The recording too is clear and well focused, if cut at a relatively low level. However, any reasonably good equipment can provide the necessary boost, if domestic circumstances allow such a thing. This was originally recorded for Finlandia in 1996, and is now taken up by Warner Classics' Apex series.

Someone at Warner ought to have another look at the design of the booklets for this series. Why have such tight-packed small print on glossy paper when the whole of the back page of the four pages is left entirely blank? It makes no sense.

As for the performances, any criticisms are on the level of interpretation, by the listener as well as by the artists; for anyone acquiring this disc can be guaranteed the satisfaction of knowing that the music is well served. The climaxes build with a brooding intensity that is thoroughly Sibelian, though occasionally, and particularly in Tapiola, that intensity might have reached a darker power.

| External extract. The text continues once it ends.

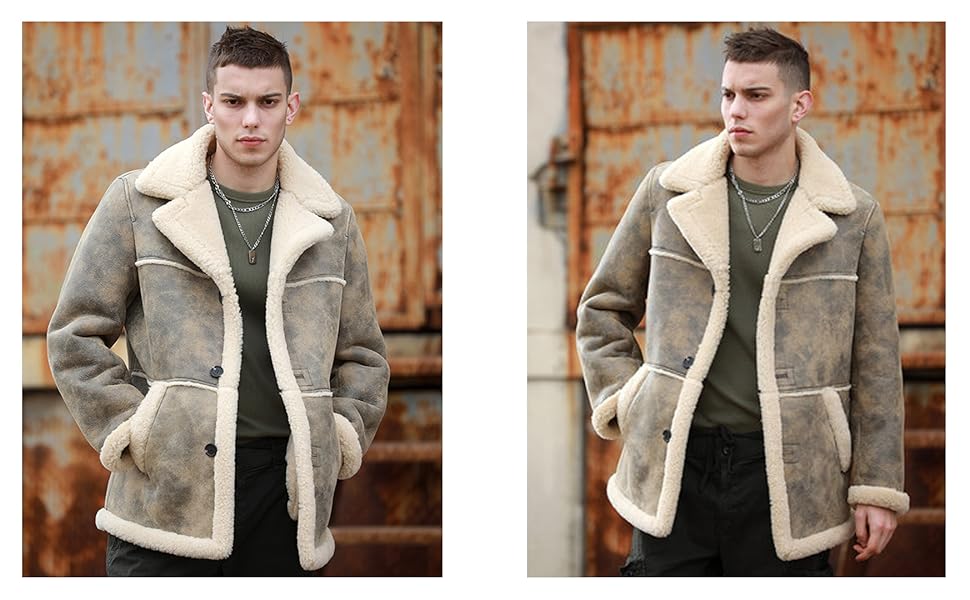 Denny&Dora Mens Shearling Jacket Natural Sheepskin Coat Brown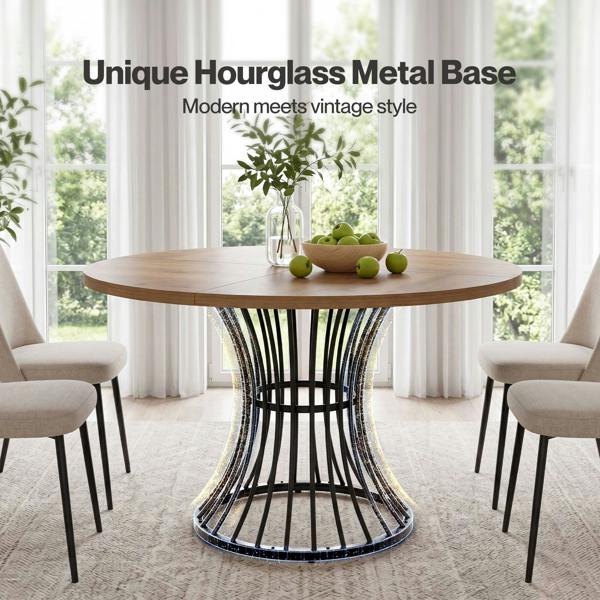 Levede Round Dining Table for 4-6 People 30mm MDF Metal Base Kitchen Brown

There is also a sense of structural control and the longer term vision this implies. In this respect Tapiola goes very well; here and elsewhere the tempi always seem right for the purpose. Of course the field of recordings of this repertoire is very competitive, featuring some real 'classics of the gramophone'. And it is no use pretending that Davis matches Beecham in the nuances of texture and phrasing that make such miraculous effect in The Oceanides. Beecham remains a clear leader in this piece, partly because his recording from the late 1950s still sounds so well. The word 'historical' need not apply on this occasion.

Sometimes the orchestral balances for Davis and the Stockholm orchestra have a pallid feel, and the two most notable and extended solos in these pieces both suffer in this regard. The great cor anglais solo in The Swan of Tuonela is surely too recessed in the perspective, with a resultant lack of brooding intensity. So too the closing phase of En Saga allows too little of the clarinet's personality to make its mark.

Such doubts need to be placed in the context, however, of the thoughtful and sensitive performances of a true Sibelian.